For the second year, a small group of die-hard apiculture enthusiasts, members of the Guyana Apiculture Society, assembled on the Water Street pavement outside the Muneshwer’s Complex last Saturday, to stage the society’s Honey Show.
It is a decidedly modest event with attendance and patronage usually heavily dependent on weekend shoppers.
Honey apart, the modest displays usually include soaps, creams and other apiculture by-products. Modest sales are made to patrons who have, in recent years, cultivated an increasing sense of the health value of the products. After they have made their purchases some of the visitors stay on to engage in chit-chat about the potential viability of the honey industry.
Lyndon Stewart who comes across as a tireless crusader for the apiculture sector has just been elected Chairman of the Apiculture Society. His tenure, he says, will be guided by the content of a strategic plan that seeks to cover the bee-keeping industry across the country. The problem is that while there are thousands of hives and probably several hundred beekeepers across the country, the society’s membership comprises twenty beekeepers.
The most obvious explanation for the stunted growth of the society is the seeming lack of motivation of most of the members. Those who assemble at the Honey Show appear – mostly – to be concerned with satisfying a hobby. There does not appear to be a common sense of purpose.
Beekeepers like Stewart, Karl Persaud and Aubrey Roberts appear to be key figures in the fraternity. Persaud “speaks for the beekeeping industry” at the level of the Guyana Livestock and Dairy Association (GLDA). That fact does not appear to sit well with other members of the society which, they believe should be allowed to select the sector’s representative on the GLDA. This newspaper understands that it is the government and not the society that has that prerogative.
Stewart says he is preoccupied with more mundane things, like how to ensure that local honey secures a greater share of the Guyana market. Other brands, imported brands, dominate the market, their superior labelling and packaging facilities keeping what Stewart says is “better quality honey” out of the market.
The new chairman of the Apiculture Society recalls a time when local malt manufacturer Banks DIH Ltd bought limited quantities of honey from a producer in Essequibo. That is no longer the case. Honey for industrial manufacturing is imported mostly from Mexico.

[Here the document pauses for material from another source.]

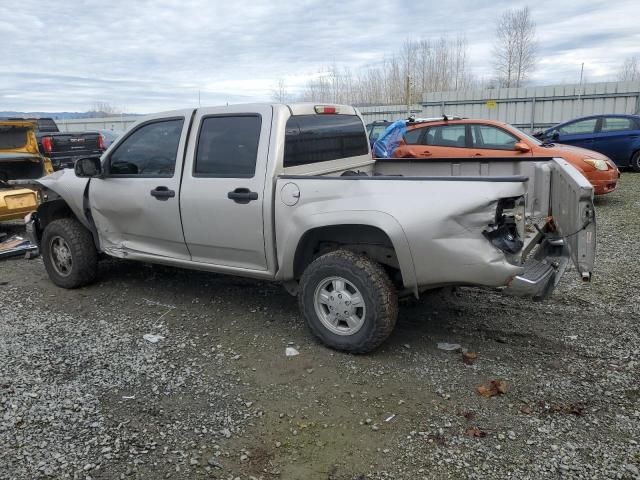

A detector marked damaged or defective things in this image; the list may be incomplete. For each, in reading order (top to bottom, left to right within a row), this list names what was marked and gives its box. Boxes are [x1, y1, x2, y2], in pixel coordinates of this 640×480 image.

damaged silver pickup truck [25, 104, 596, 352]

Stewart says that one of his ambitions for the society is to secure the Banks DIH Ltd market, which he estimates at 4,000 gallons annually. Stewart believes that an infusion of funding for equipment and transportation would position local beekeepers to fill that market. Beekeepers cannot afford to fund the infrastructure necessary for such an undertaking and at any rate there is no consensus among the beekeepers about the viability of the Banks market. Stewart favours trying to “talk a deal” with Banks.
Stewart wants the local beekeeping sector to look to the rest of South America, notably Brazil, for technical support to build the sector. That presumably might be facilitated under a bilateral agreement between the two governments. Government support for the beekeeping industry, however, does not appear to be particularly generous. South America is a big player in the global honey sector. During the first 11 months of last year US honey imports from Argentina totalled around US$116 million. Last year, Brazil exported a total of 16,707 metric tonnes of honey. The local industry cannot contemplate such ambitious targets. Instead, Stewart says the short-term ambitions of the society include expanding its membership to include beekeepers from across the country.
George Smartt, a retired aircraft engineer who is in the process of returning to Guyana after migrating to the United States about 30 years ago has just embarked on a beekeeping venture as part of a more substantial investment in agriculture. Until his hives are established, his bees are being managed by Kingdom Apiaries. Smartt says he wants to be supportive of any planned initiative to take advantage of what he believes is an important niche market for honey.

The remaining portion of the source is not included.